- **Goal of the exercise**: Omit any pictures, and restate word for word only the lines from the one with "1959年香港政府纸币壹圆、无年份壹圆各一枚" through the end of the data below.

- **Source material**:
BEGIN

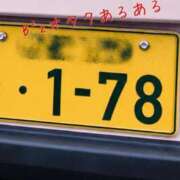 ヒメ日記 2026/05/21 12:03 投稿 平(たいら) 相模原人妻城
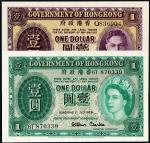1959年香港政府纸币壹圆、无年份壹圆各一枚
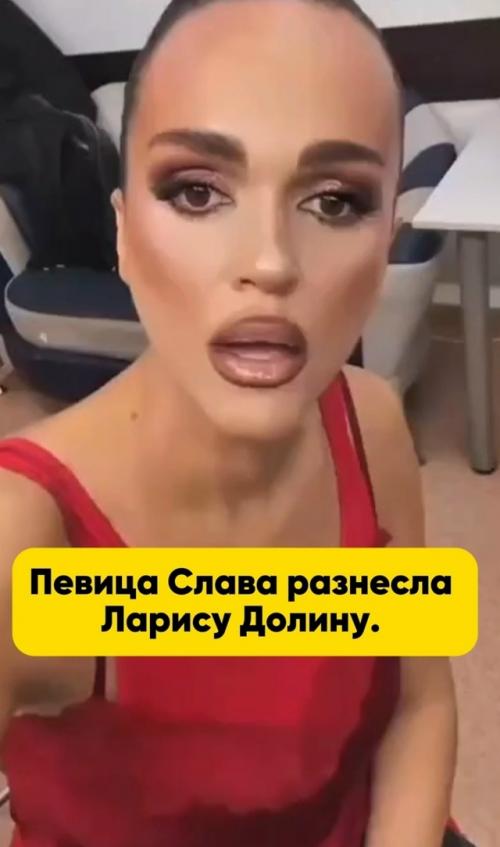 Слава жёстко прошлась по 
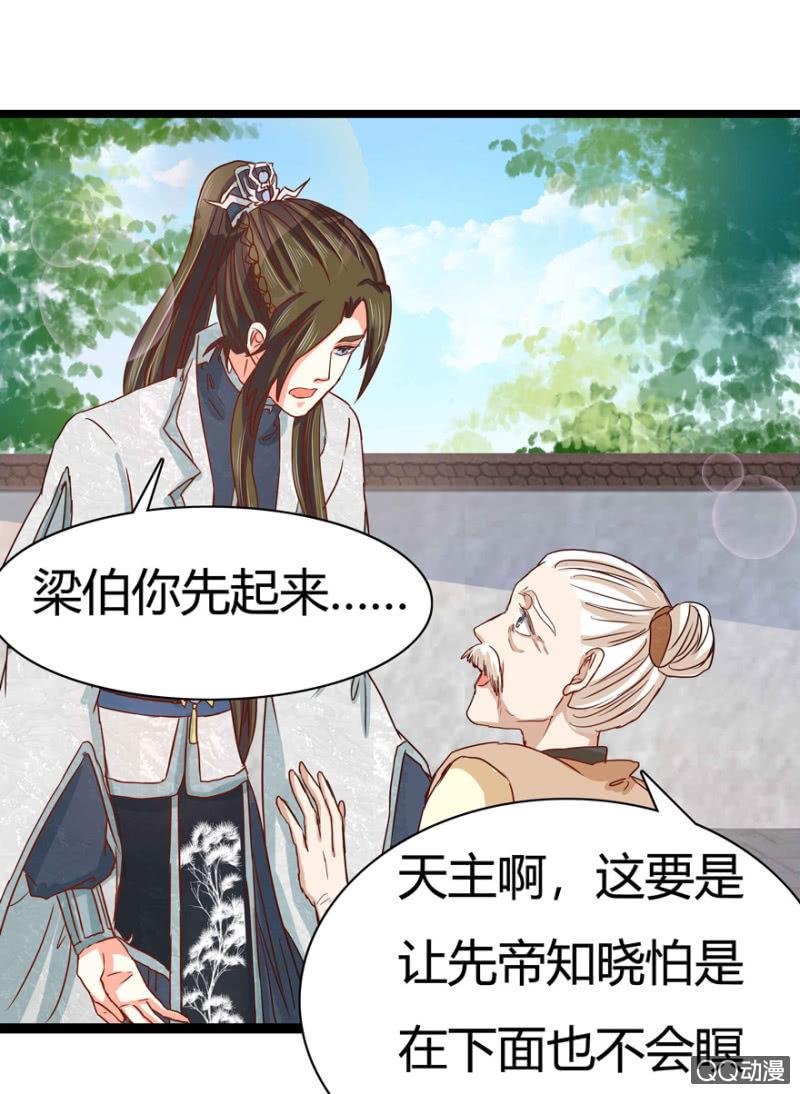 了断28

END

- **Solution to this exercise**:
1959年香港政府纸币壹圆、无年份壹圆各一枚
 Слава жёстко прошлась по 
 了断28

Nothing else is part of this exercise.